EXERCISE
Take the line that contains "Kathy Ireland wearing" and each one after it through the last line below, and retype them exactly. Leave out the pictures.

Short web captions:
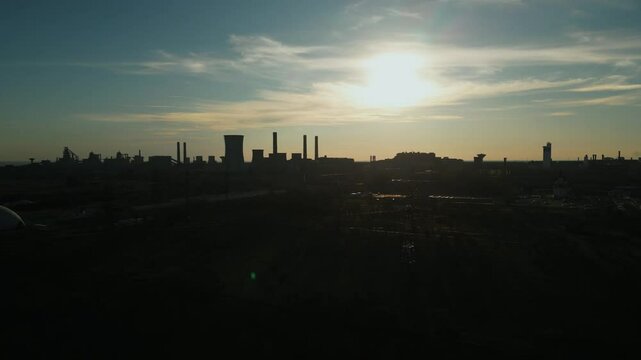 Sunny Afternoon With Silhouette Of Industrial Towers Of Steel Plant In Galati, Romania. descending drone shot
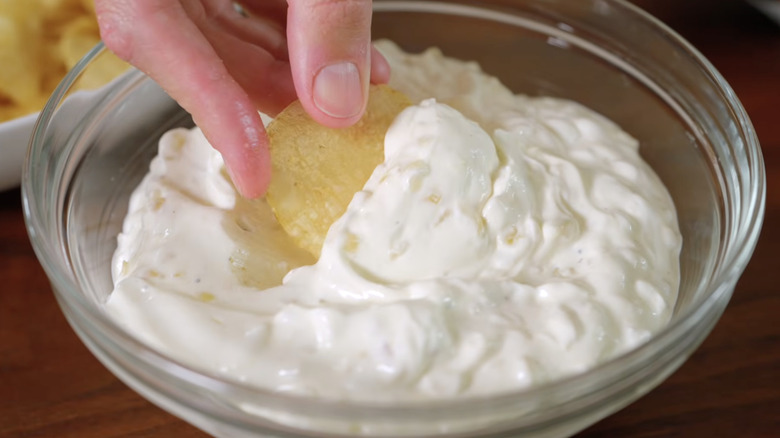 Dipping a chip into French onion dip.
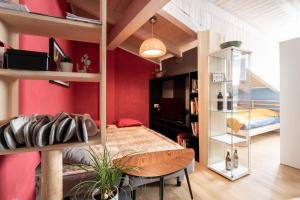 a bedroom with red walls and a bed in a room at White Tower of Love in Bressanone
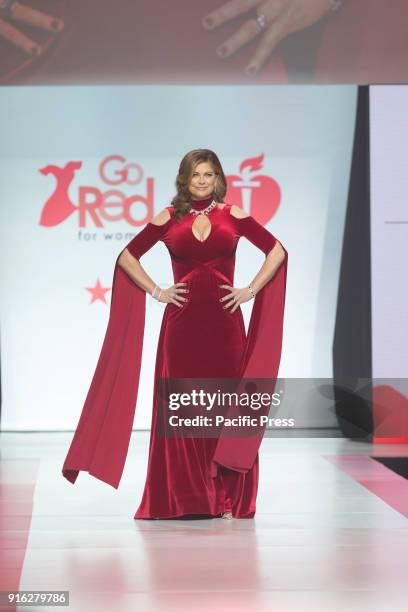 Kathy Ireland wearing gown by Marc Bouwer walks runway for Red Dress 2018 Collection Fashion Show at Hammerstein Ballroom.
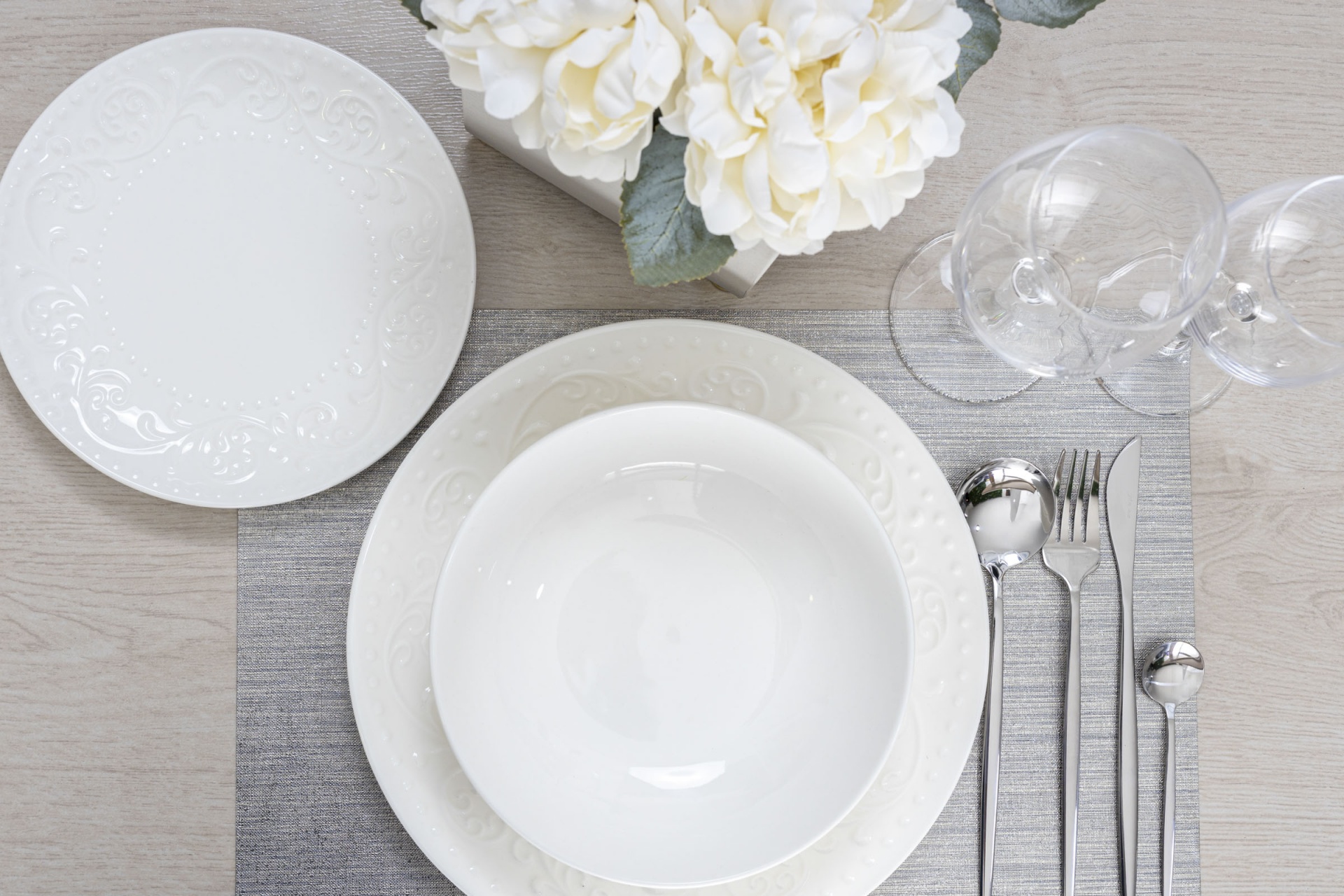 Conjunto de louça branca com padrão floral, talheres em inox, copos de vidro e vaso de flores brancas sobre mesa com individual cinzento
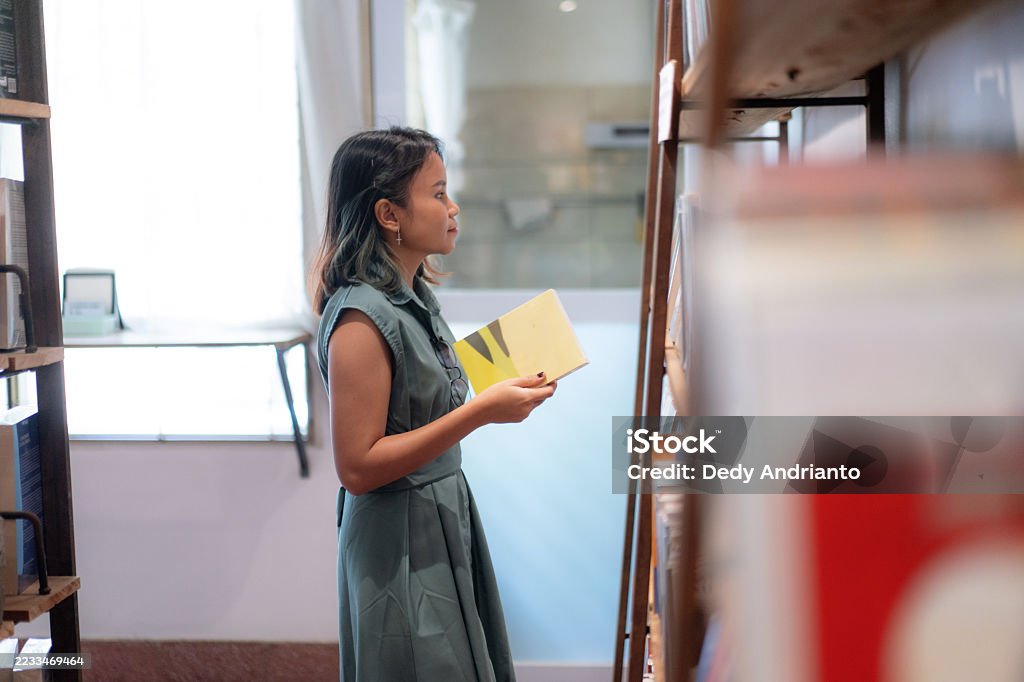 Close Up of Young Southeast Asian Woman Browsing Independent Books Store A young woman in a green dress browses through a collection of art and design books displayed on wooden shelves inside a cozy independent bookstore in Bandung. The setting is calm and softly lit, evoking a sense of curiosity and appreciation for literature and visual culture. Natural daylight filters in through the window, enhancing the warm, contemplative atmosphere. 20-29 Years Stock Photo Close Up of Young Southeast Asian Woman Browsing Independent Books Store A young woman in a green dress browses through a collection of art and design books displayed on wooden shelves inside a cozy independent bookstore in Bandung. The setting is calm and softly lit, evoking a sense of curiosity and appreciation for literature and visual culture. Natural daylight filters in through the window, enhancing the warm, contemplative atmosphere. 20-29 Years Stock Photo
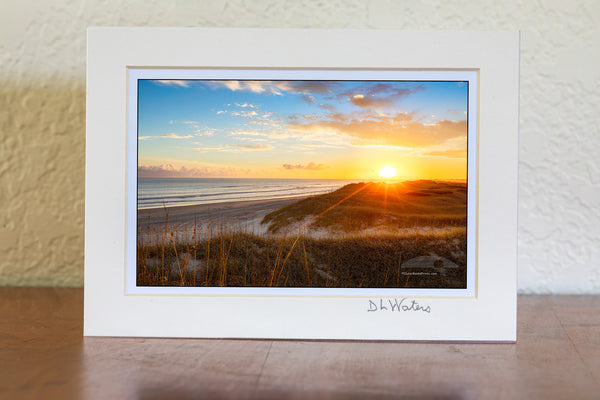Sun setting over sanddunes along the Frisco costline in Cape Hatteras National Seashore, NC.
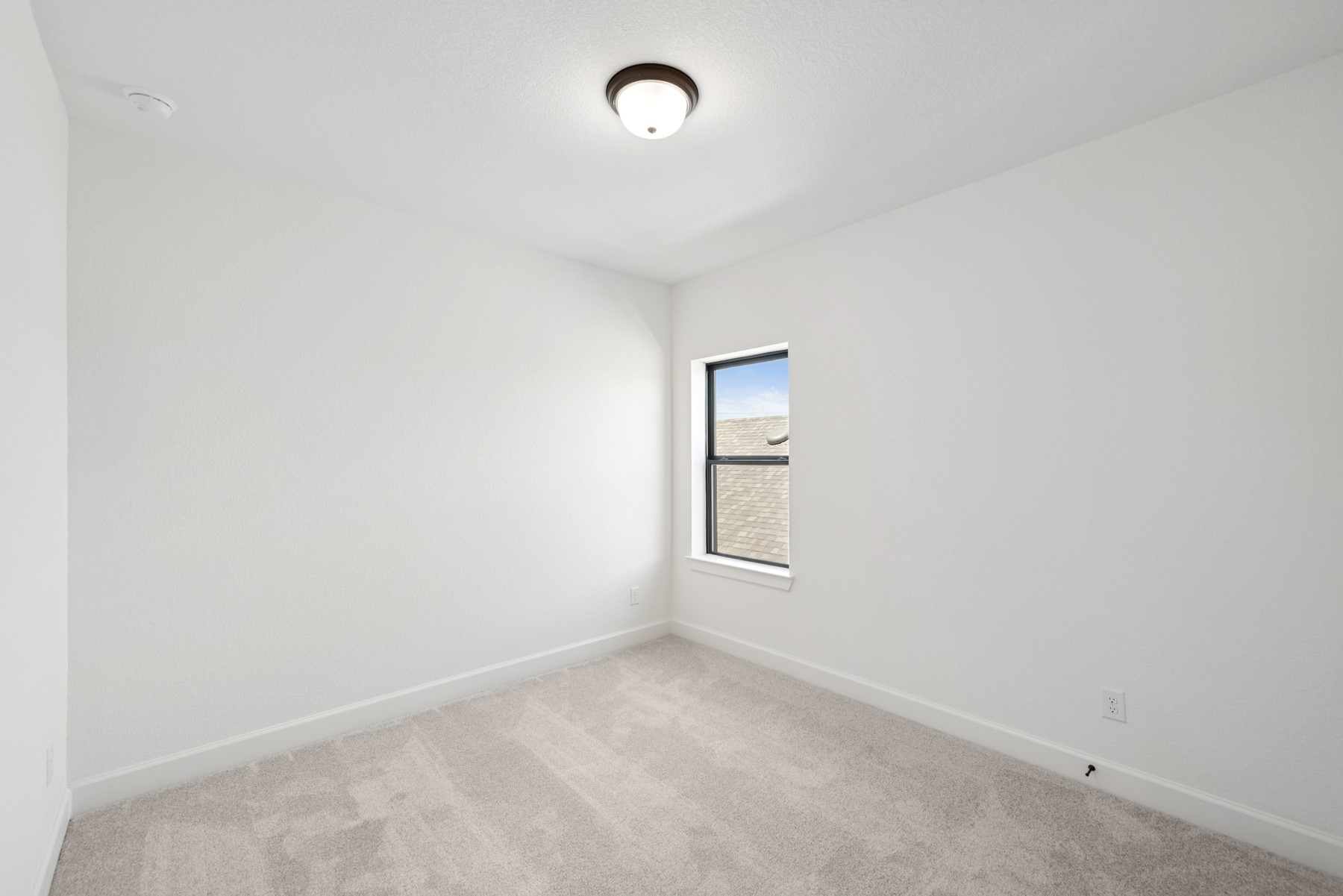 5526 Orangery Lane Manvel, TX 77578 - Photo 32 of 47 an empty room with a empty space and window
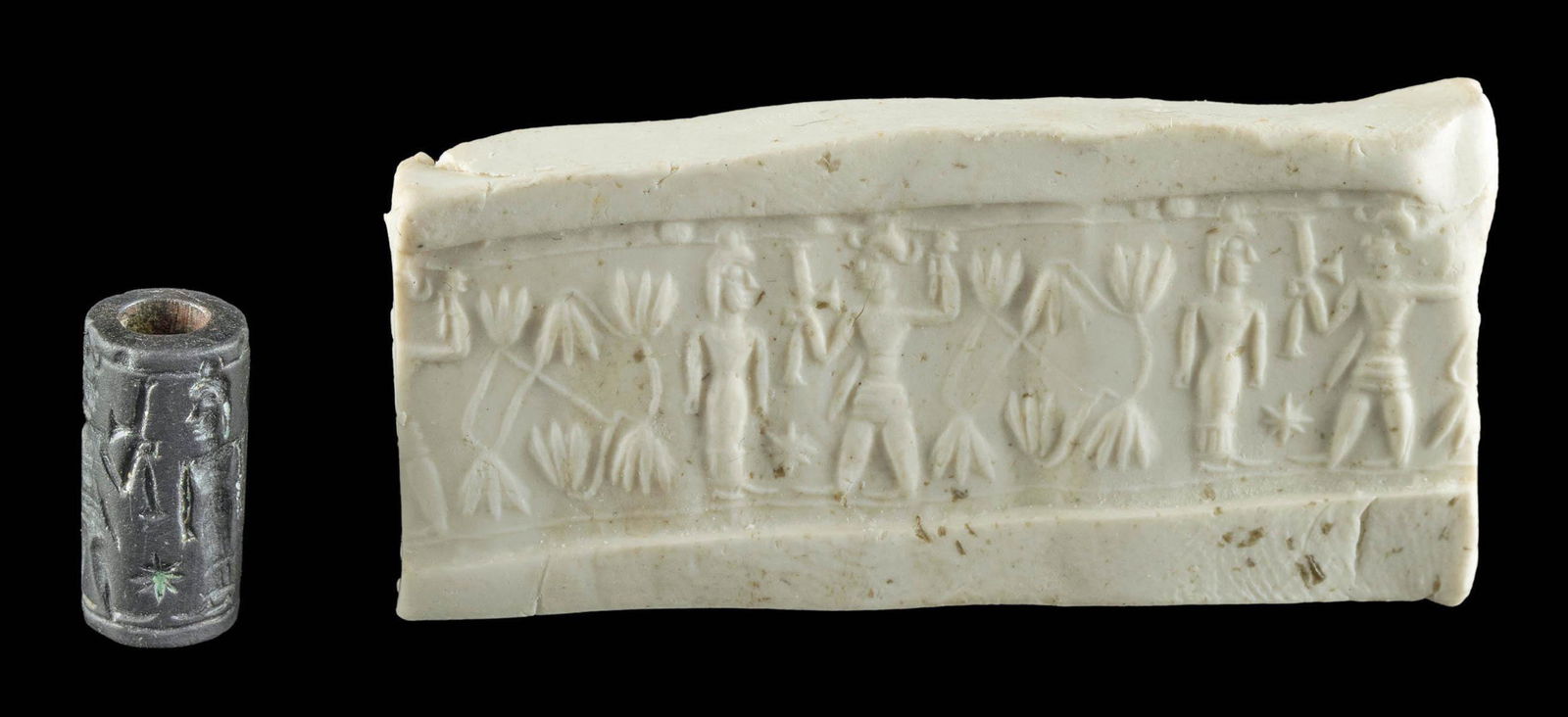 Babylonian Hematite Cylinder Seal: Ancient Near East, Mesopotamia, Old Babylonian Empire, ca. 1800 to 1625 BCE. A wonderful black hematite cylinder seal featuring the weather god Adad, wearing a horned helmet with a dagger at the waist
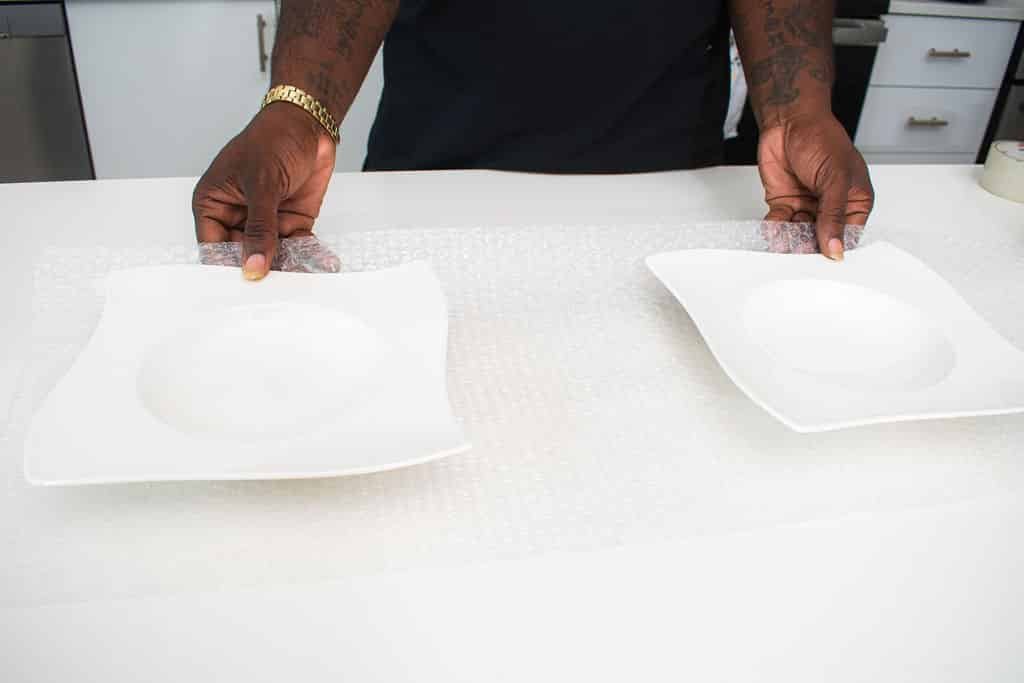 Person holding plates over bubble wrap. moving company in Palm Valley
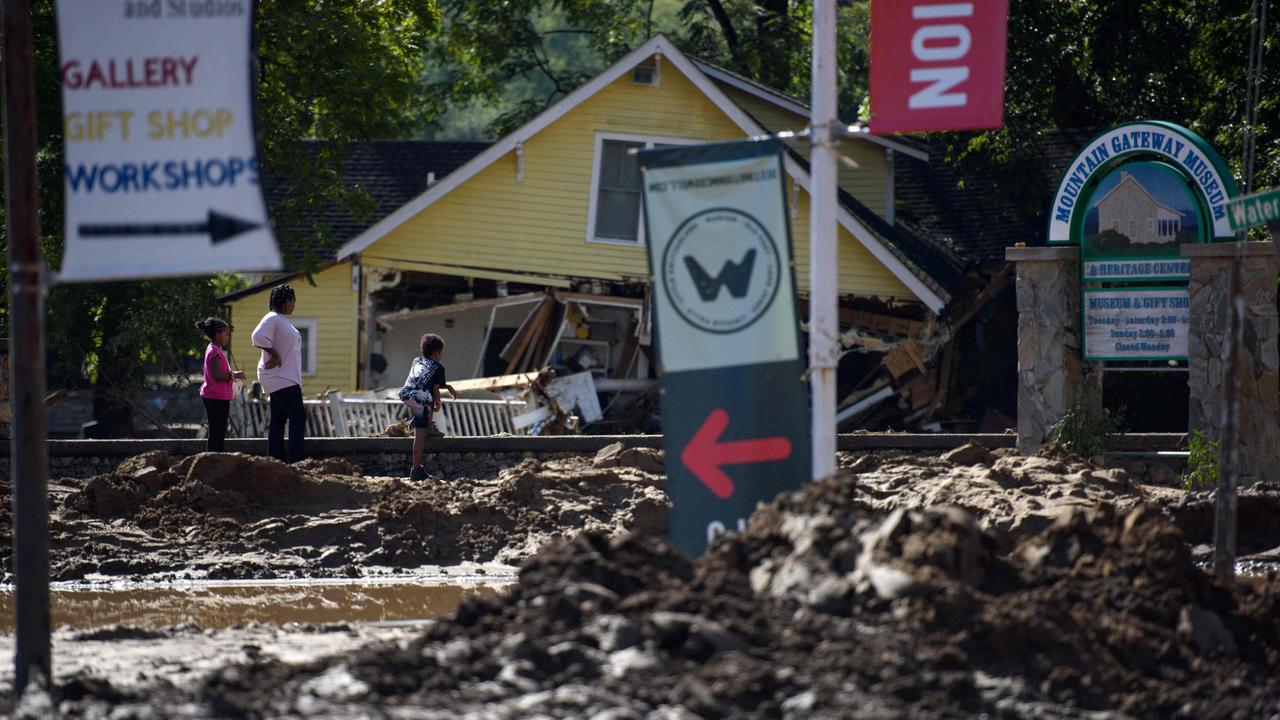 Close to 2 million households and businesses are still without power and damaged roads are making it impossible for rescue crews to access some areas. Picture: Getty Images via AFP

SOLUTION
 Kathy Ireland wearing gown by Marc Bouwer walks runway for Red Dress 2018 Collection Fashion Show at Hammerstein Ballroom.
 Conjunto de louça branca com padrão floral, talheres em inox, copos de vidro e vaso de flores brancas sobre mesa com individual cinzento
 Close Up of Young Southeast Asian Woman Browsing Independent Books Store A young woman in a green dress browses through a collection of art and design books displayed on wooden shelves inside a cozy independent bookstore in Bandung. The setting is calm and softly lit, evoking a sense of curiosity and appreciation for literature and visual culture. Natural daylight filters in through the window, enhancing the warm, contemplative atmosphere. 20-29 Years Stock Photo Close Up of Young Southeast Asian Woman Browsing Independent Books Store A young woman in a green dress browses through a collection of art and design books displayed on wooden shelves inside a cozy independent bookstore in Bandung. The setting is calm and softly lit, evoking a sense of curiosity and appreciation for literature and visual culture. Natural daylight filters in through the window, enhancing the warm, contemplative atmosphere. 20-29 Years Stock Photo
Sun setting over sanddunes along the Frisco costline in Cape Hatteras National Seashore, NC.
 5526 Orangery Lane Manvel, TX 77578 - Photo 32 of 47 an empty room with a empty space and window
 Babylonian Hematite Cylinder Seal: Ancient Near East, Mesopotamia, Old Babylonian Empire, ca. 1800 to 1625 BCE. A wonderful black hematite cylinder seal featuring the weather god Adad, wearing a horned helmet with a dagger at the waist
 Person holding plates over bubble wrap. moving company in Palm Valley
 Close to 2 million households and businesses are still without power and damaged roads are making it impossible for rescue crews to access some areas. Picture: Getty Images via AFP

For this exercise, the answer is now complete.